──────── DATA FOR PROCESSING ────────
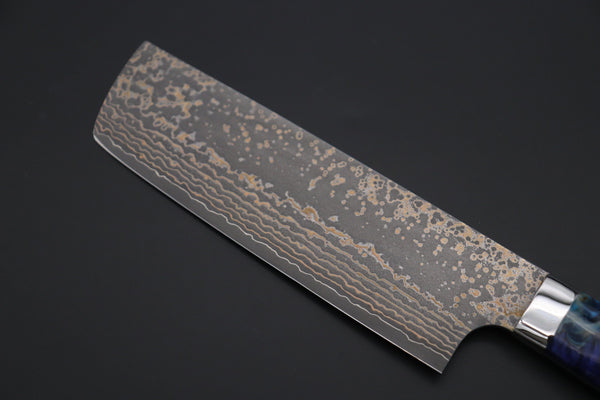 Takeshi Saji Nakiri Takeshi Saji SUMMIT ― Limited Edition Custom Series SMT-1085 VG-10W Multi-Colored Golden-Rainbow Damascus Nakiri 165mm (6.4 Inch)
────────
──────── DATA FOR PROCESSING ────────
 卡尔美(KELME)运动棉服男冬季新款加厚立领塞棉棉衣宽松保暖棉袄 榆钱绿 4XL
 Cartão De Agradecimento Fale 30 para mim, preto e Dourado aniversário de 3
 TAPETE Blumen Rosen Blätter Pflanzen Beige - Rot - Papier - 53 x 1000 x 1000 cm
────────
──────── DATA FOR PROCESSING ────────
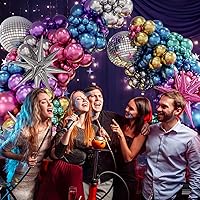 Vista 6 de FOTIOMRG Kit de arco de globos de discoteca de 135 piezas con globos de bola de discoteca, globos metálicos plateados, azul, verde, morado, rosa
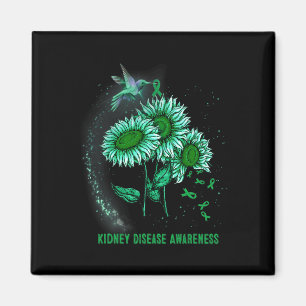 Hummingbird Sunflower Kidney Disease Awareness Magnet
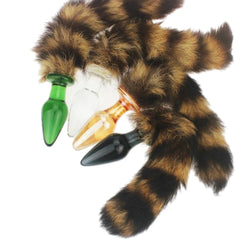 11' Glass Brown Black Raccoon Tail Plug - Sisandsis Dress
────────
YOUR INSTRUCTIONS
Beginning with the line containing "Cartão De Agradecimento" and ending with the line containing "TAPETE Blumen Rosen", extract those lines exactly from the listing above, and only those.

ANSWER
 Cartão De Agradecimento Fale 30 para mim, preto e Dourado aniversário de 3
 TAPETE Blumen Rosen Blätter Pflanzen Beige - Rot - Papier - 53 x 1000 x 1000 cm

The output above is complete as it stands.